Since moving paragraph wrapping to the dom in https://gerrit.wikimedia.org/r/#/c/mediawiki/services/parsoid/+/443744/
we've had to make numerous adjustments to these passes that most likely apply to all three.

https://gerrit.wikimedia.org/r/#/c/mediawiki/services/parsoid/+/446985/
https://gerrit.wikimedia.org/r/#/c/mediawiki/services/parsoid/+/446208/
https://gerrit.wikimedia.org/r/#/c/mediawiki/services/parsoid/+/446322/

The latter of which probably needs another tweak for,

Seems like the call to DU.lastNonSepChild in Subbu's fix should also account for DU.isSolTransparentLink (or just categories).
Similar to the above.

'uzwiki/Pablo Neruda',

The following is a bunch of notes from investigating new semantic failures after 443744.

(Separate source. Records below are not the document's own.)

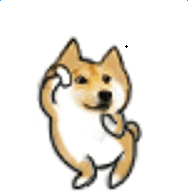 神煩狗跳舞gif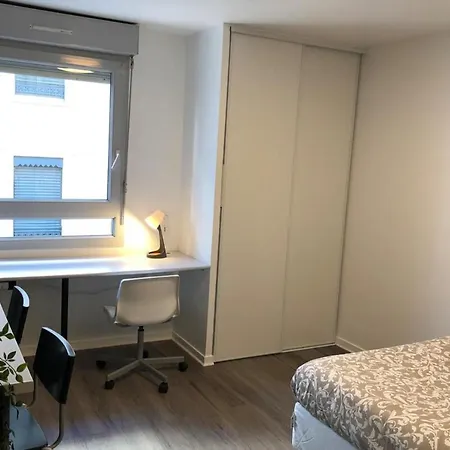The Montesquieu - Elegant Studio - 5 Min Bellecour 里昂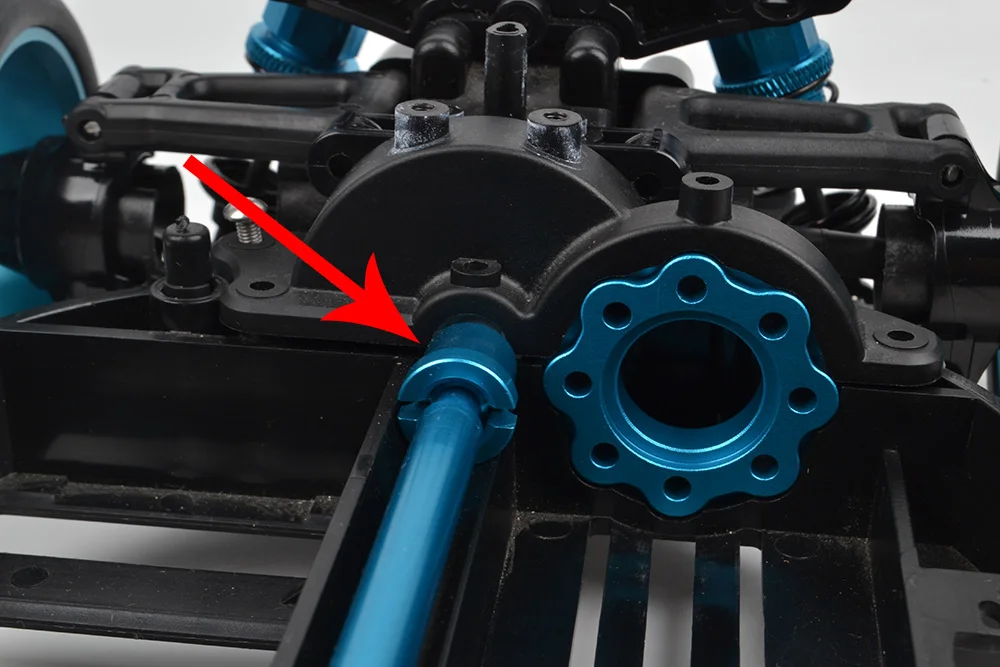 Запчасти для моделей RC передние и задние пропеллерные соединения из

This is another case where sol transparent node are being included at the end of a paragraph where previously
they were excluded. The old algorithm would search the line in reverse order for where to put the end tag and
it would skip this content. It's unclear whether we should try to replicate that. This particular instance was broken wt though,
https://de.wikipedia.org/w/index.php?title=Seetaktische_Lehrgruppe&type=revision&diff=179240127&oldid=165339287
https://sv.wikipedia.org/w/index.php?title=Ulrik_Plesner&type=revision&diff=43289184&oldid=32227738
https://it.wikipedia.org/w/index.php?title=Cattedrale_di_Metz&type=revision&diff=98534211&oldid=98272937
https://ko.wikipedia.org/w/index.php?title=%ED%99%8D%EC%88%98%EC%A0%84&type=revision&diff=21808118&oldid=21387860
https://ko.wikipedia.org/w/index.php?title=%EB%B0%9C%ED%95%B4_%EB%AC%B4%EC%99%95&type=revision&diff=21808146&oldid=21308398
https://nl.wikipedia.org/w/index.php?title=Good_hearted_woman_(lied)&type=revision&diff=51968655&oldid=46721681&diffmode=source

'dewiki/Seetaktische_Lehrgruppe',
'svwiki/Ulrik_Plesner',
'itwiki/Cattedrale di Metz',
'kowiki/홍수전',
'kowiki/발해 무왕',
'nlwiki/Good hearted woman (lied)',

Another case where the quick semantic check now fails, this time because of trailing space included in data-mw parts.
These things roundtrip and render the same though. The semantic diff it points out is a rendering failure that's
filed as https://phabricator.wikimedia.org/T199845

'frwiki/Union des démocrates et indépendants'

This case is an argument for having a migrate leading (as opposed to traililng) newlines. For example,

test

123<div>hi</div>

Here the leading newlines will be included in the paragraph with "123". Of course, this only happens at the
edges between doBlockLevels and Remex p-wrapping. This is because the newlines are included in the text node.
Finding a way to keep the emitted nltks as separate textnodes and then moving the call to normalize the body before
pwrapping would also prevent it.

'ruwiki/Союз Советских Социалистических Республик',

Event Timeline

The difference here seems to be that previously a trailing space was excluded from p-wrapping, so that when
the serializer looked at the constrains to determine if a newline was necessary, it suppressed it. The new
behaviour seems preferable, since this is a block. The rt classification is broken since the two aren't really
semantically different.

'dewiki/Klingspor (Unternehmen)',

T196931 is a case where making the encapsulation marker transparent to p-wrapping is hindering instead of helping. We probably want to migrate them *in* for some scenarios.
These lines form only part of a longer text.